JACKSON, Tenn. - 3/27/2006 -
By: David Roach
Cardinal & Cream
From the time his daughter could pick up a bat, she was his little superstar. Now Tony Kirk, a 1984 Union graduate, can watch his superstar play not only at the collegiate level, but also under the same coach he had during his college career.
Kirk, who is now the office manager at Bolivar Electric Department in Bolivar, Tenn., played two years with the Bulldogs under the command of co-head coaches David Blackstock and Linn Stranek. In ’83, he was on the first Union baseball team to make it to the NAIA World Series—something no other team has been able to do since.
“ was an unbelievable season,” Kirk said. “We were such a close team.”
Kirk hit .349 that year including 11 homeruns and 55 runs-batted-in. In the World Series Kirk hit a team high of three homeruns en route to a third place finish in the series.
“Every once in a while I guess I carried my weight,” a modest Kirk said. “Our team was special in that someone different picked us up every game.”
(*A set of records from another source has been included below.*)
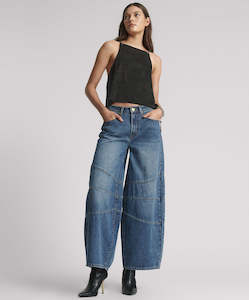 Clothing: ONE TEASPOON - Dirty Blue Love Barrel Mid Waste Denim Jeans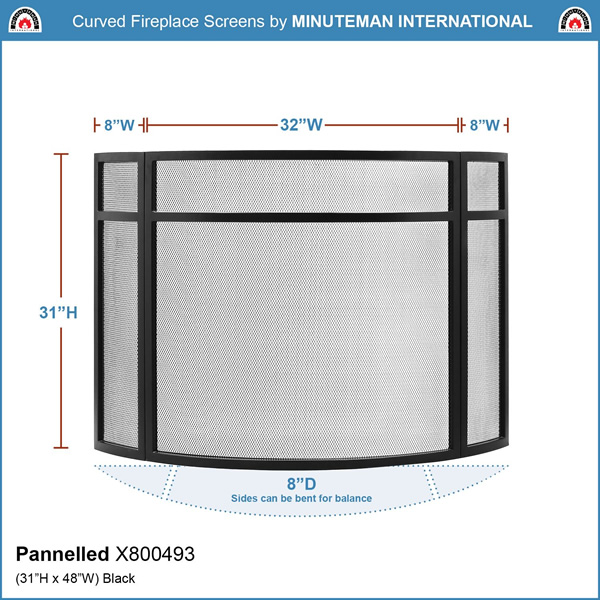 Minuteman X800493 Black Panelled Curved Fireplace Screen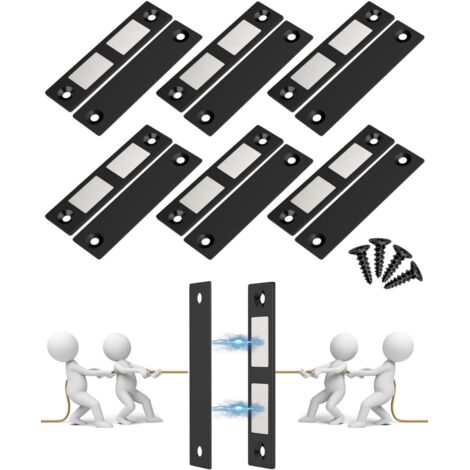 Lot de 6 Ultra Mince Aimant Porte Placard Puissant Loquet de Porte Magnétique pour Porte d'armoire, Aimant Fermeture pour Porte Coulissant Aimant Placard de Cuisine, Maison, Tiroir, Noir (1/5)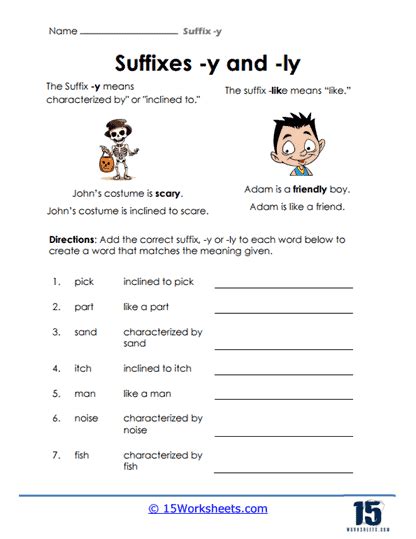 Suffix Y Worksheets 15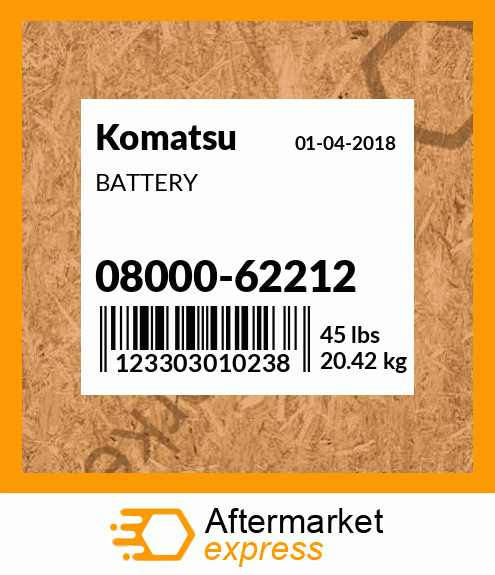 08000-62212 - BATTERY fits Komatsu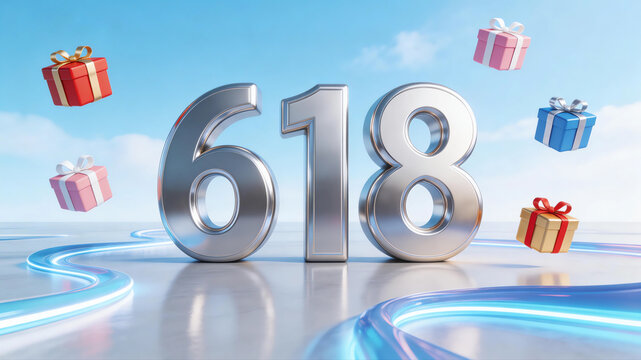 618 Shopping Festival gift box promotion poster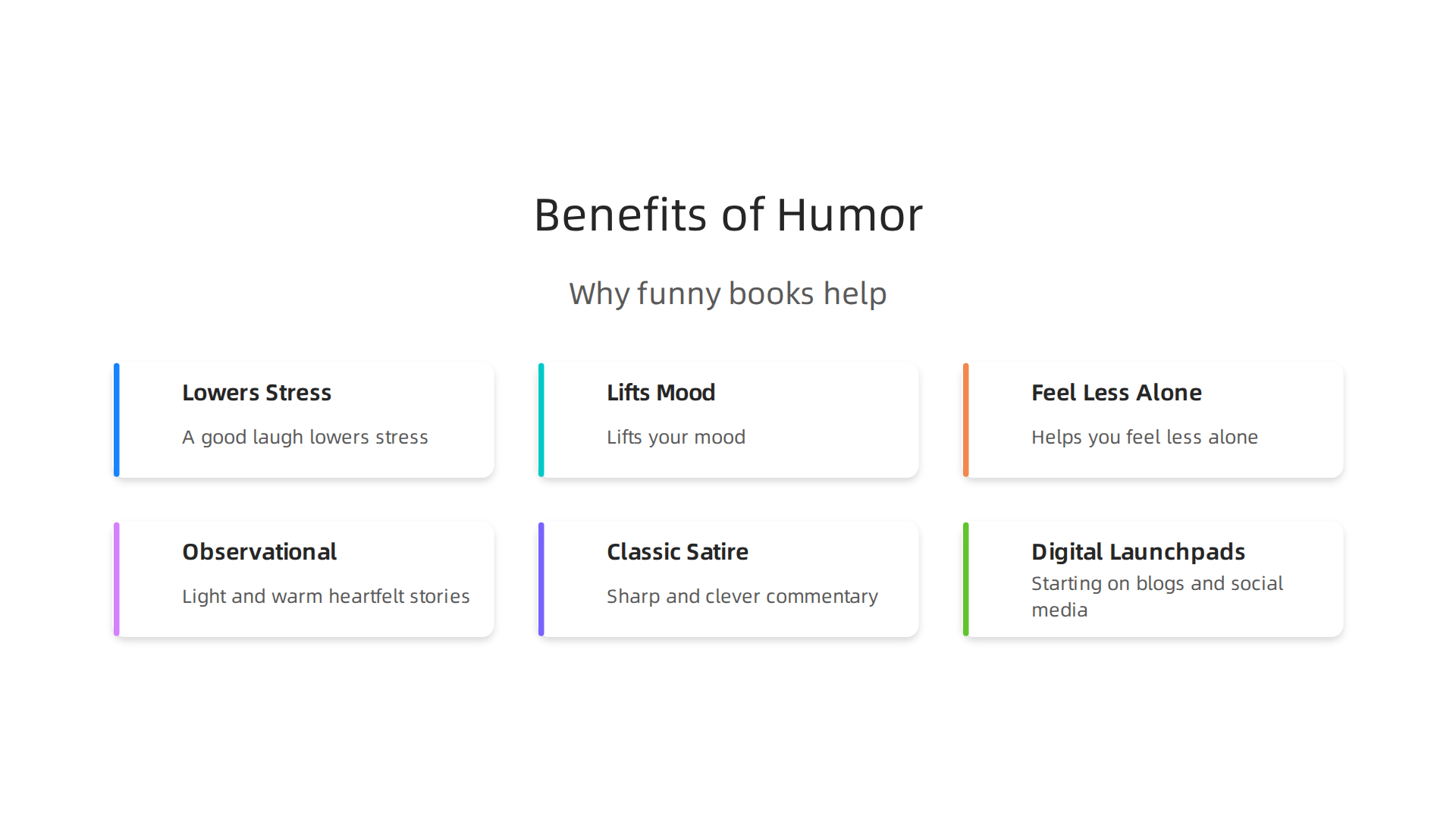 Humor literature offers multiple psychological and social benefits, making it an essential escape in busy times.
Not only was the team’s will and determination tough, but the relationships surrounding the team were solid. Kirk said much credit could be attributed to Blackstock’s leadership.
“We respected him. Sure, he was a cut-up with us sometimes, but we knew he was in charge and that we didn’t want to let him or our teammates down.”
“In coaching, Dr. Stranek and I believe deeply that coaches were in charge,” Blackstock said. “But our philosophy was that we enjoyed the relationship between players and coaches.”
Now the same coach who took the team to Disney World while playing in Boca Raton, Fla. and played hearts in a hotel with his players the night before a World Series game is coaching a second generation Kirk.
Freshman Kristen Kirk, mathematics major, was actually recruited and signed on by former head coach Brian Dunn prior to Dunn’s resignation.
Before coming to Union, young Kirk had considerable experience at shortstop, outfield and pitcher positions. Whatever role she plays on the team, she is excited about playing for Blackstock.
“Our whole family was excited when we heard coach Blackstock was going to coach softball at Union,” Kirk said. “I had heard nothing but good things about him from my dad, so I was never worried about playing under him.”
Her dad isn’t worried either.
“It’s relaxing knowing she is at Union, where she is happy with college life on and off the field,” Kirk said. “Watching her play, I don’t think I have ever seen her having as much fun playing softball as I have seen this season.”
Part of the fun is that Kristen hit her first homerun earlier this season against Culver-Stockton. What made it even more special was that her dad was in the stands to cheer for her.
“I could hear my dad above everyone else for sure,” Kirk said. “It means a lot to have him at my games, even though there are games when I can’t even look at him because I know I am playing bad.”
If the past is any indication, Kirk will not have many of those “bad” moments. It took a lot of work to get to where she is now, and she is taking nothing for granted.
“Not many people are going to be able to say first of all, ‘I played college softball’ and secondly, ‘I played under the same coach that coached my dad,’” she said.
Watching his daughter play softball for Union, Kirk still remembers the friend Blackstock became while he was there.
“The two years I spent at Union were the best two years of baseball I played. A lot of that had to do with coach Blackstock. When I walk up to him, I still call him coach Blackstock… he will always be my ball coach.”